Segment Start: Dataset excerpt
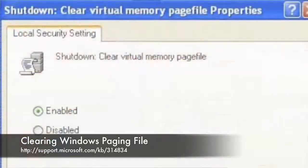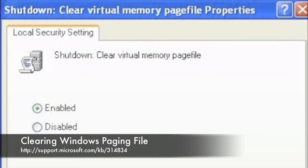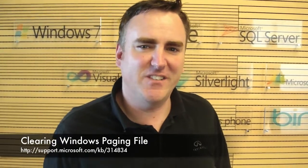This next Fix-It-For-Me automated solution is security related. If you're wondering how to clear a Windows paging file at shutdown, have a look at this Fix-It automated solution.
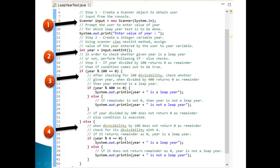Step two: prompt the user to enter the value of the year for which leap year checking is to be done — System.out.print("Enter value of year"). Create an integer variable called year and assign it a value using the Scanner instance to call the nextInt() method. This method takes the user input from the console as an integer value and assigns it to the year variable.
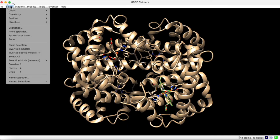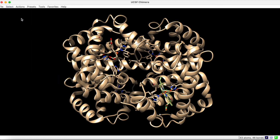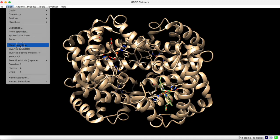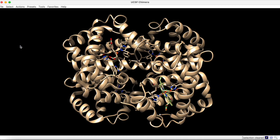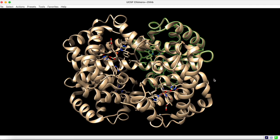Remember to reset the selection mode back to replace, and clear the selection before proceeding further. Once you have made a selection in Chimera, you can perform actions upon that selection. Here, we have selected chain A.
Segment End: Dataset excerpt
■ Work request
Copy out the data above to the letter, and keep every picture out of it.

■ Written answer
This next Fix-It-For-Me automated solution is security related. If you're wondering how to clear a Windows paging file at shutdown, have a look at this Fix-It automated solution.
Step two: prompt the user to enter the value of the year for which leap year checking is to be done — System.out.print("Enter value of year"). Create an integer variable called year and assign it a value using the Scanner instance to call the nextInt() method. This method takes the user input from the console as an integer value and assigns it to the year variable.
Remember to reset the selection mode back to replace, and clear the selection before proceeding further. Once you have made a selection in Chimera, you can perform actions upon that selection. Here, we have selected chain A.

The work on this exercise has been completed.